这天,帝后勋戚内眷,按习俗要进行登楼赏灯玩看的娱乐活动,届时宫中有精彩的马戏表演,即兴时嫔妃们还会作蹴鞠的表演和游戏。
如今,朱常洛已经十二岁了,并不像朱翊钧对外臣所说的“元子羸弱”。其实也是为了给整天把这话挂在嘴边的朱翊钧难堪,在宫中憋闷着有许多时间的朱常洛下了狠心,虽然仅仅限于做做俯卧撑和仰卧起坐之类的简单运动,但这些年不懈的坚持下来,却也有着不错的体格。
与已经快要三十岁的邹义站在一起,他比这快要步入中年的太监显得还要壮实一些,个头上也只相差半个头而已,这要是被外臣看到,还不马上对朱翊钧进行彻头彻尾的反驳吗?朱常洛时常想着朱翊钧刚以“元子羸弱”为由拒绝群臣的建储请求,而自己出现在群臣身边情形,这也是他为数不多的恶趣味之一。
朱常洛带着邹义在乾清宫前百般无聊的走着,虽然内府在乾清宫丹陛上安放了七层牌坊灯,显得壮观而大气,但在刚来到这个世界的开始几年还能有些兴趣,如今被关在内宫这些年之后,哪里还能对这些东西提起兴趣。
此时,乾清宫门前已经是热闹非凡,朱翊钧的妃子们难得聚在一起,有皇子公主的各自被他们的母妃领着,欣赏着这难得一见的壮观灯会。

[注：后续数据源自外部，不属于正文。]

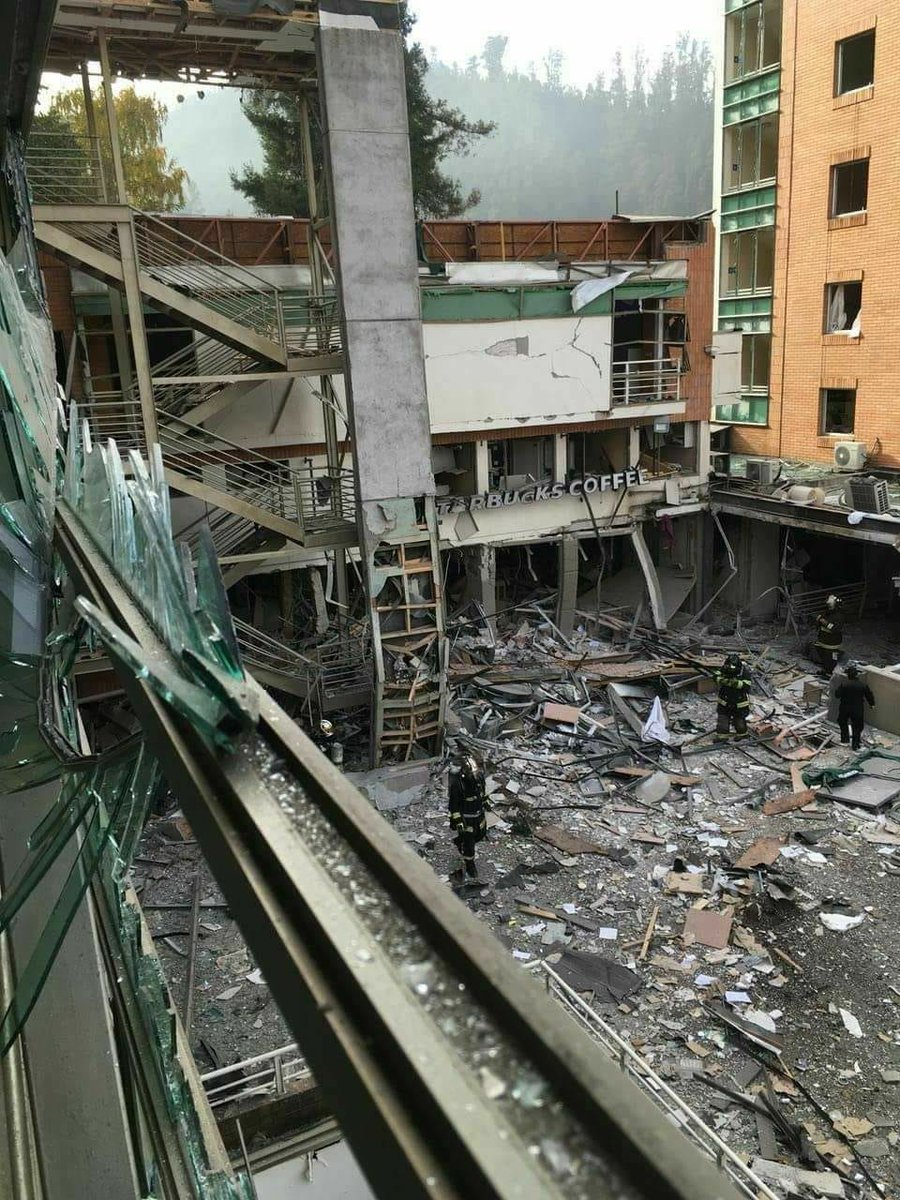 biobio's tweet photo. Las imágenes más impactantes que dejó la explosión en Sanatorio Alemán de Concepción https://t.co/yi4hZjWt6g https://t.co/2EakPHCaBy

每年的元宵节,王恭妃也会到来,最初的几年由于景阳宫太监宫女就那几人,往往带着朱常洛显得形单影只,加上处境原因,颇为不合群。只是后来与王皇后关系好了之后,就跟随在王皇后身边,倒也不显孤独。
来到这个世界这么些年了,朱常洛觉得唯一有成就感的事情,那就是与王皇后搞好关系后,自己的那个在历史上早夭的妹妹朱轩嫄,由于经常得到王皇后送来的补品和令太医开药疗养,竟然奇迹般的活了下来!虽然身体依然不算太好,但也称不上是体弱多病,不再是那个令王恭妃操碎心的药罐子了。

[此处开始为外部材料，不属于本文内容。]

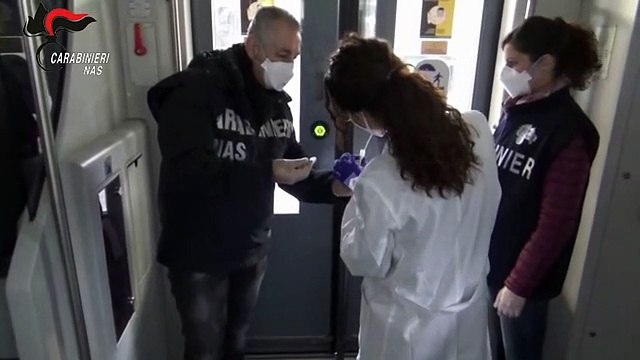 Covid, controlli su bus e treni: ecco come i Nas trovano tracce del virus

等时辰一到,朱翊钧传了口谕,派近侍上灯,钟鼓司奏乐赞灯,内府供给库备的蜡烛齐燃,内宫监准备的奇花、火炮、巧线、盒子、烟火、火人、火马之类的鞭炮齐鸣,好不热闹!
朱常洛看看四周那些刻意躲避自己的太监宫女,嘴角翘了翘,这样也好,自己倒也落个清静。宫内的那些宫女太监在七年前的那场“逼宫”早朝后虽然对自己敬畏和巴结了一段时间,但这些年由于朱翊钧不断的拒绝朝臣的立储请求,让宫中很多势利的小人以为自己已经无缘于太子之位了,所以对自己都冷淡异常。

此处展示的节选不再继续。